Death was a major part of life in mid-19th century New York. This fall season, visitors to the Merchant’s House Museum can see how death became a part of everyday life in the exhibition Death, Mourning and the Hereafter in Mid-19th Century New York. The exhibition explores the rituals of death and morning and ways New Yorkers tried to cope with their grief in the 19th-century, when the Tredwell family was living in the home. Artifacts on display include items pulled straight from the Museum’s Tredwell Collection, including mourning attire and accessories that were worn by the family for wakes and funerals that took place right in the home.

During the mid-19th century, the United States was immersed in a period of nationwide grief due to the casualties of the The Civil War and the assassination of President Abraham Lincoln. These events led to a surge in Spiritualism and new ways for the bereaved to try and cope with their losses. Seances became popular and loved ones with lost relatives fled to the parlors of mediums for the chance to hear from beyond the grave.

Photograph by Hal Hirshorn, Courtesy of the Merchant’s House Museum

The Merchant’s House was no stranger to death. The patriarch of the family, Seabury Tredwell, died in an upstairs bedroom and his funeral was held in the parlor. It wasn’t unusual at the time for dying and funerals to place in the home. Throughout the Merchant’s House Museum, which is still furnished with the belongings of the Tredwell family, poignant scenes have been created to illustrate the ever-present anguish of death that persisted at the time. Visitors will see Seabury Tredwell’s deathbed and a recreation of his wake and funeral in the parlor.

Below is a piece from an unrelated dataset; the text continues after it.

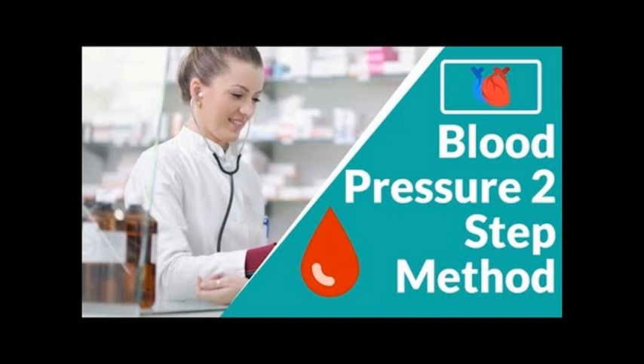Step 08: If the blood pressure is greater than 140/90, you should wait for one minute and re-check. Note that a normal reading differs for diabetic patients.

Belief in the after-life and the ability to communicate with those behind the veil persists to this day, and offer comfort for those who are grieving. In this exhibition, which is on view through November 4th, you can learn where these ideas sprang from and how they were first explored inside “Manhattan’s Most Haunted House.”  If you visit on a Saturday afternoon between 1:30 and 3:30 pm, you can meet the newly-widowed Eliza Tredwell (portrayed by Museum Historian Ann Haddad). Mrs. Tredwell will be glad to answer any questions about life and death in the 19th century.